*Brief descriptive captions*:

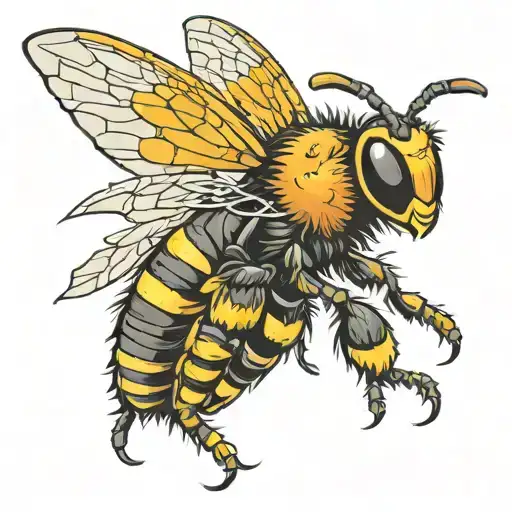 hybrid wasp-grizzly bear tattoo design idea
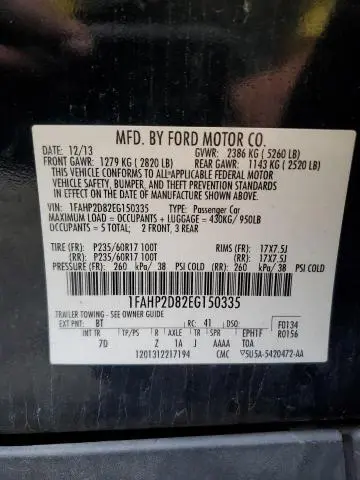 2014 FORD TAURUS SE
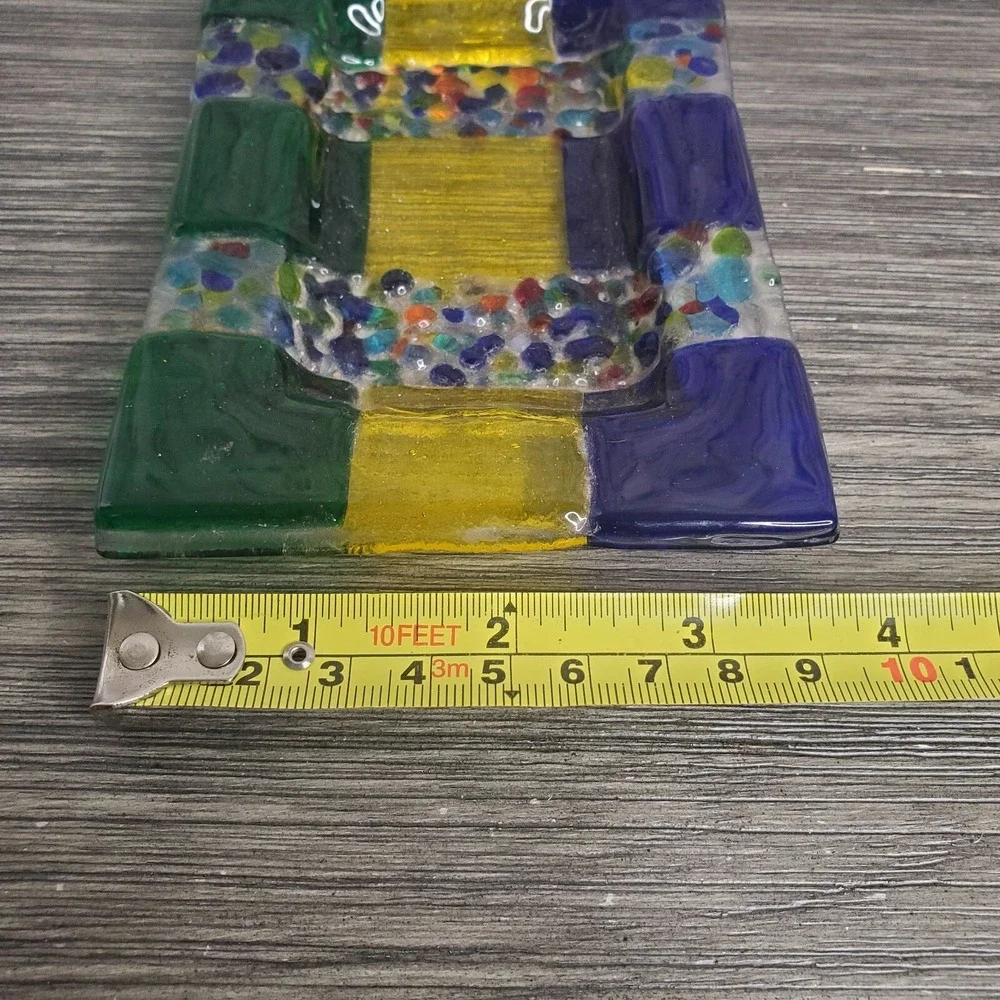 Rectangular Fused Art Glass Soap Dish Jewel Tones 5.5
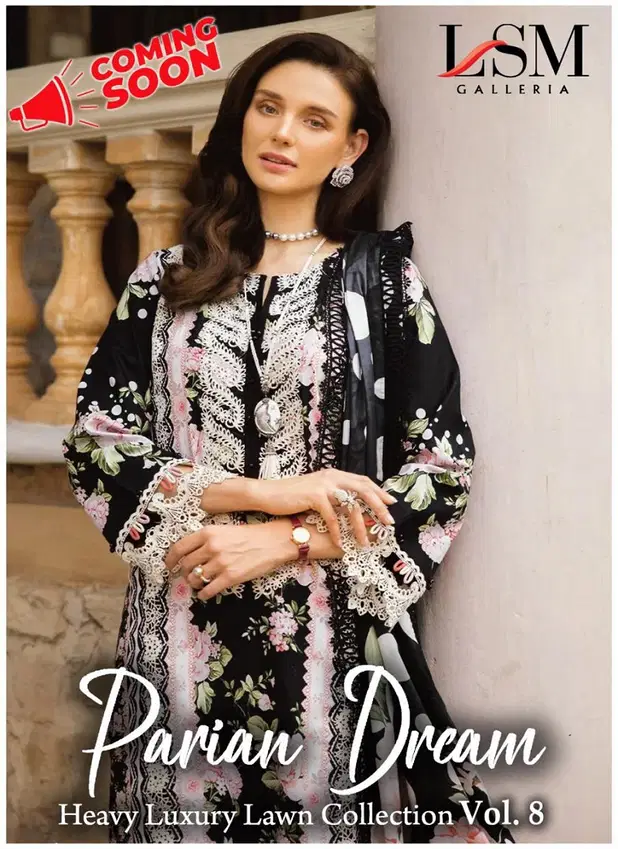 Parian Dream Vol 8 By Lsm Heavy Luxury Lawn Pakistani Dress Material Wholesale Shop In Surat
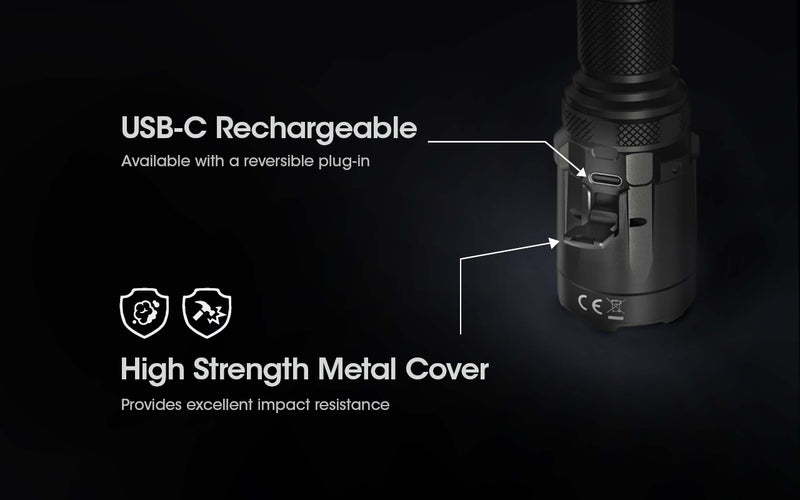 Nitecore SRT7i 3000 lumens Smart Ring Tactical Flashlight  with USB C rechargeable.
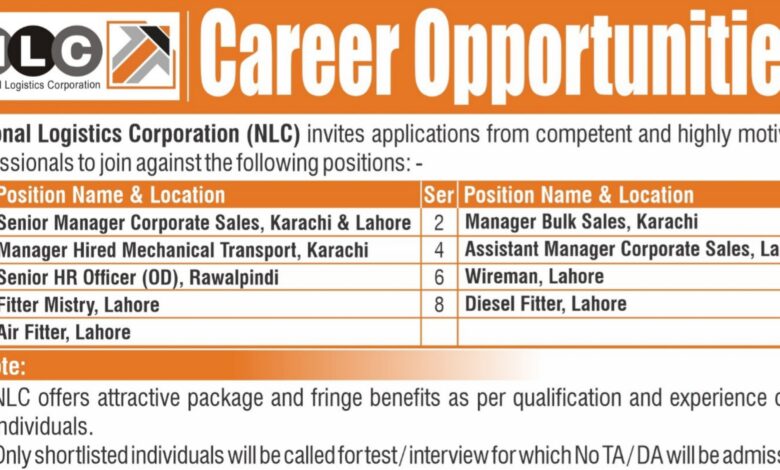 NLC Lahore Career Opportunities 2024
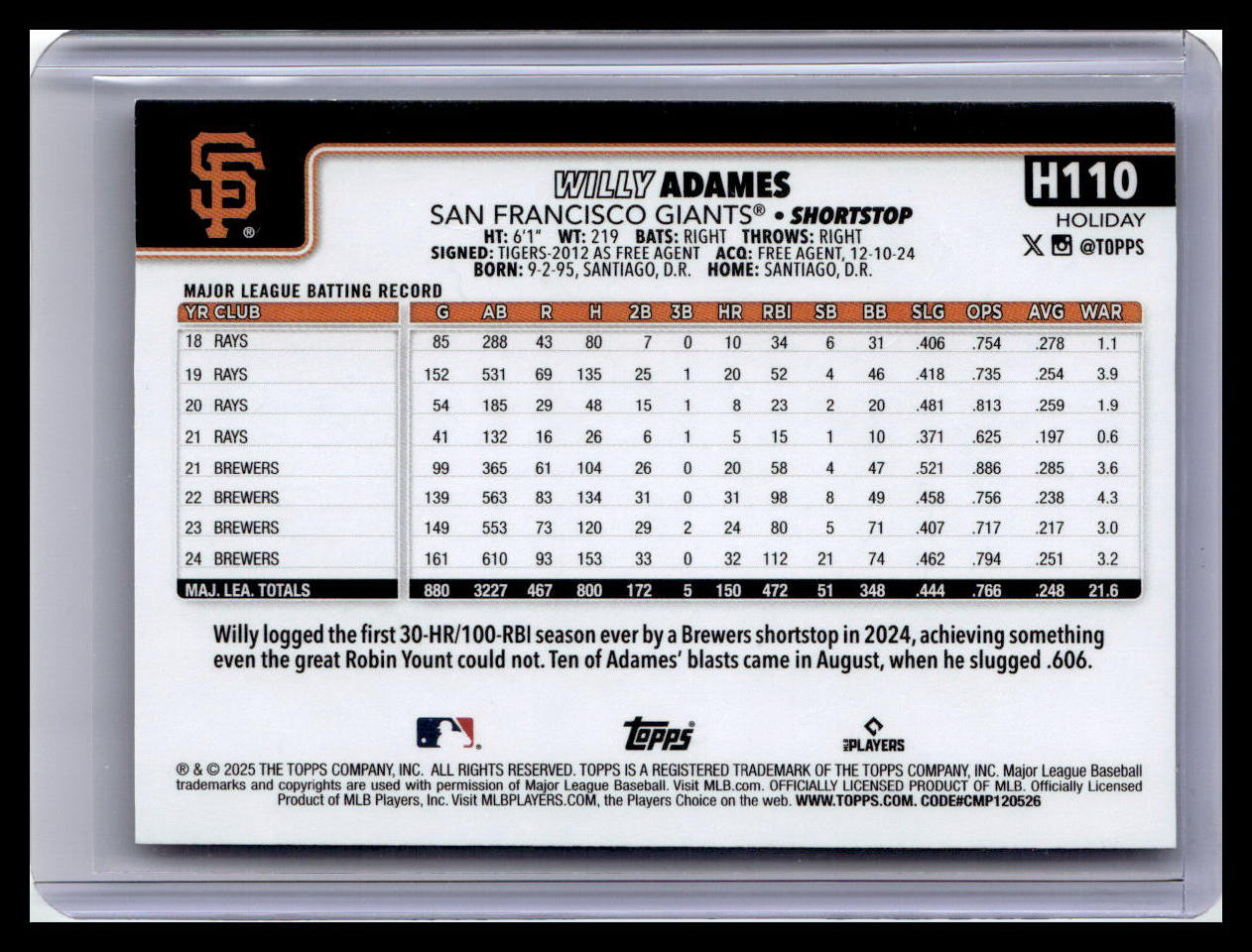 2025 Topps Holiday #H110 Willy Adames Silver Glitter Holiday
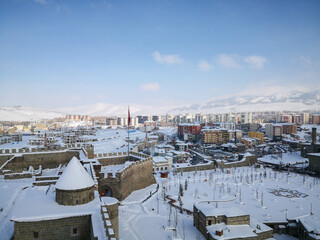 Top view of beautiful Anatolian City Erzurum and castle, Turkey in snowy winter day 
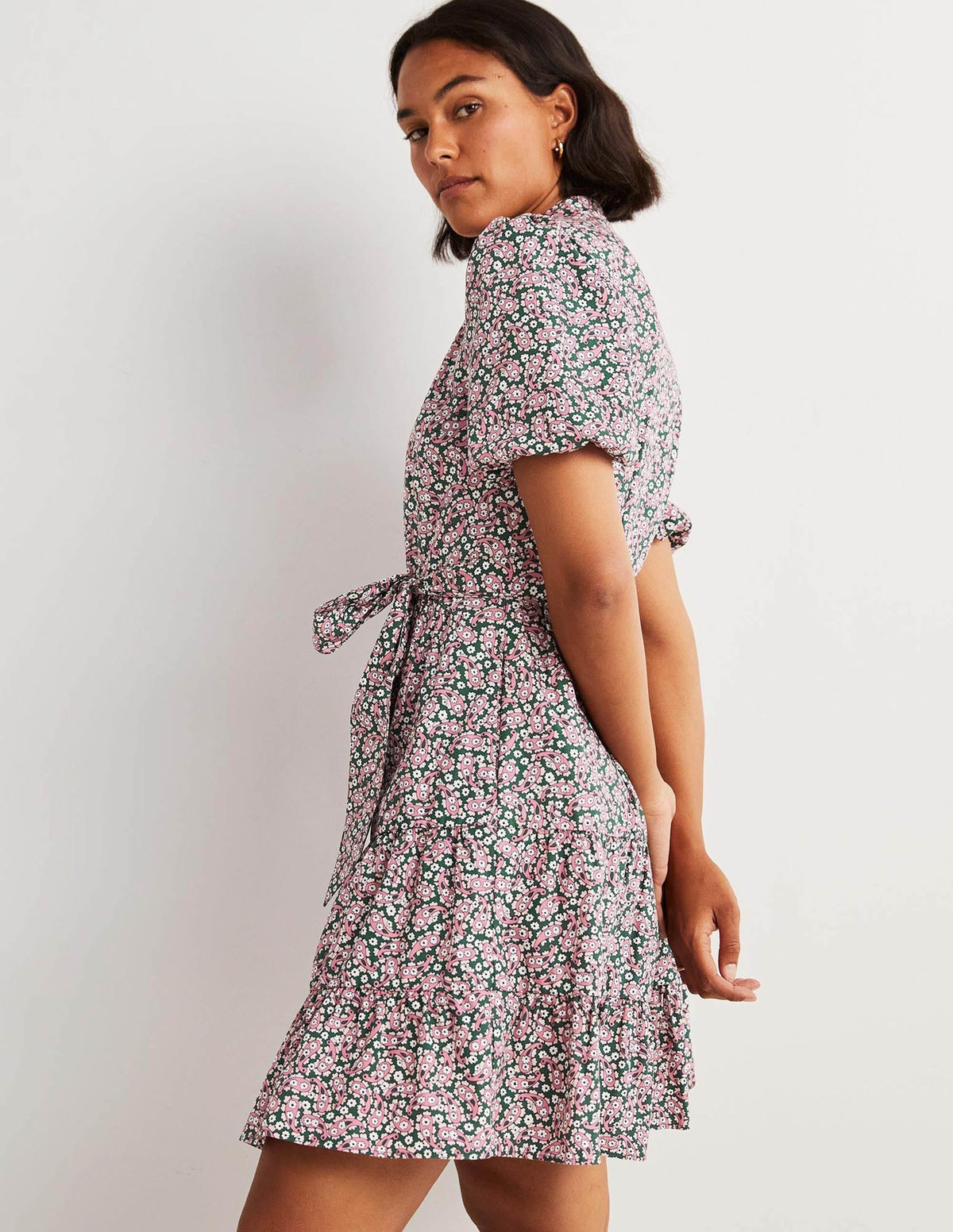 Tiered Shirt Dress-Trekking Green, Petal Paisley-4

*WORK INSTRUCTIONS*: Only the lines from the one containing "2025 Topps Holiday" through the last line of the records above should be repeated, exactly and without pictures.

*RESULT OF THIS TASK*:
 2025 Topps Holiday #H110 Willy Adames Silver Glitter Holiday
 Top view of beautiful Anatolian City Erzurum and castle, Turkey in snowy winter day 
 Tiered Shirt Dress-Trekking Green, Petal Paisley-4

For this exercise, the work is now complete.